[Short descriptive text snippets]
=== Section Start ===

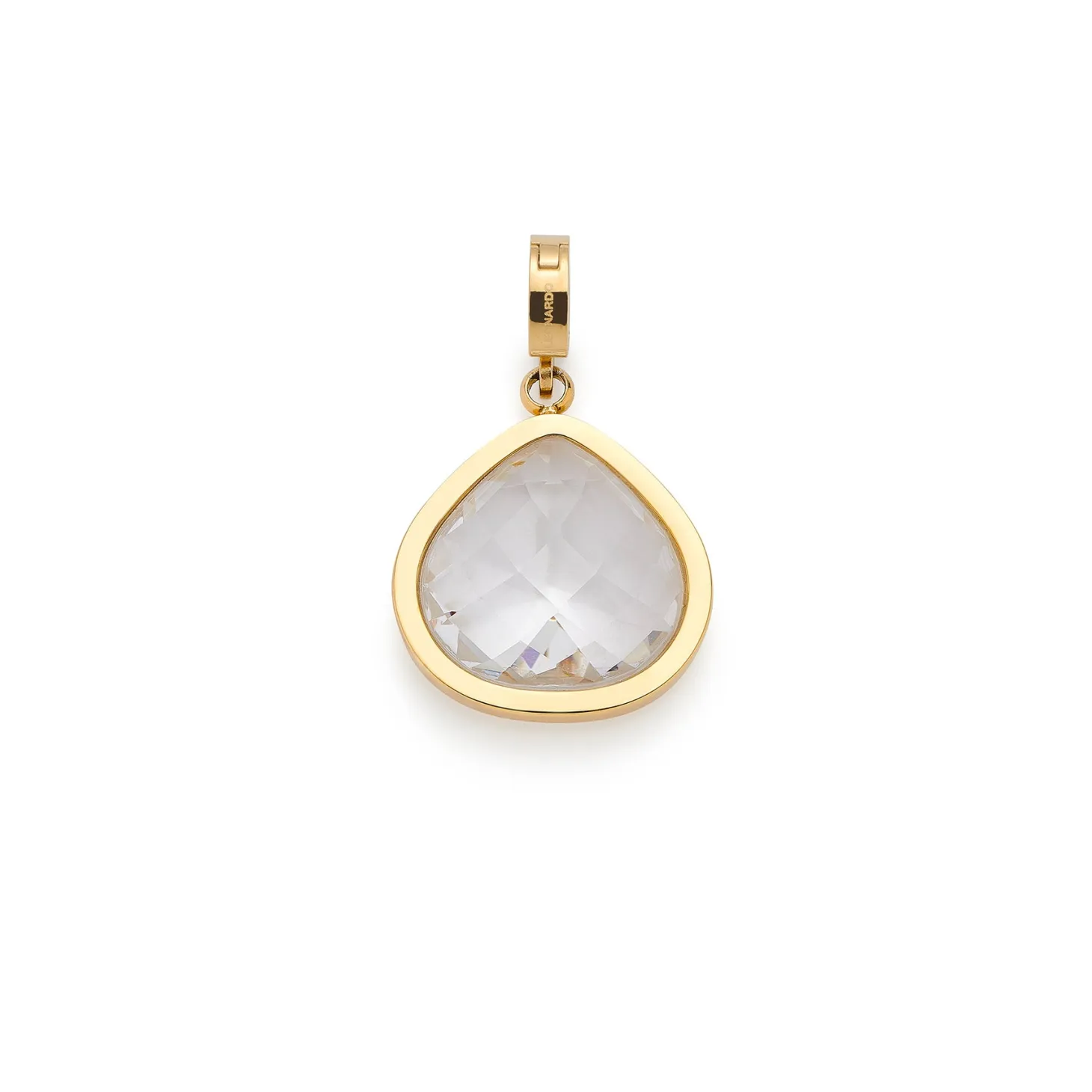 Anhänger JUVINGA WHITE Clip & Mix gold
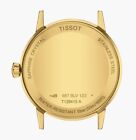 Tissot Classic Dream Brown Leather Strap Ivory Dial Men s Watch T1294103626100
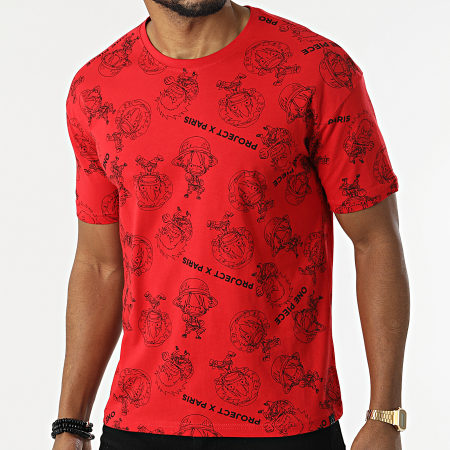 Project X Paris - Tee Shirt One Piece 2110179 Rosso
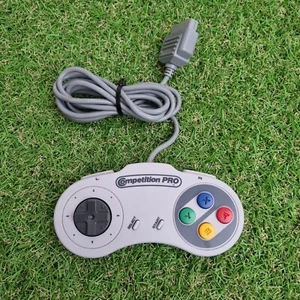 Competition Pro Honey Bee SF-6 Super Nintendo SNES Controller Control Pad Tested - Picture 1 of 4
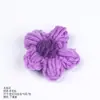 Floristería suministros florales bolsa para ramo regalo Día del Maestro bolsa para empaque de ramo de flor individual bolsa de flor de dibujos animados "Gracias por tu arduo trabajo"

=== Section End ===

## [Work required]
Give back every record above word for word; the pictures have no place in it.

## [Response below]
 Anhänger JUVINGA WHITE Clip & Mix gold
 Tissot Classic Dream Brown Leather Strap Ivory Dial Men s Watch T1294103626100
 Project X Paris - Tee Shirt One Piece 2110179 Rosso
 Competition Pro Honey Bee SF-6 Super Nintendo SNES Controller Control Pad Tested - Picture 1 of 4
 Floristería suministros florales bolsa para ramo regalo Día del Maestro bolsa para empaque de ramo de flor individual bolsa de flor de dibujos animados "Gracias por tu arduo trabajo"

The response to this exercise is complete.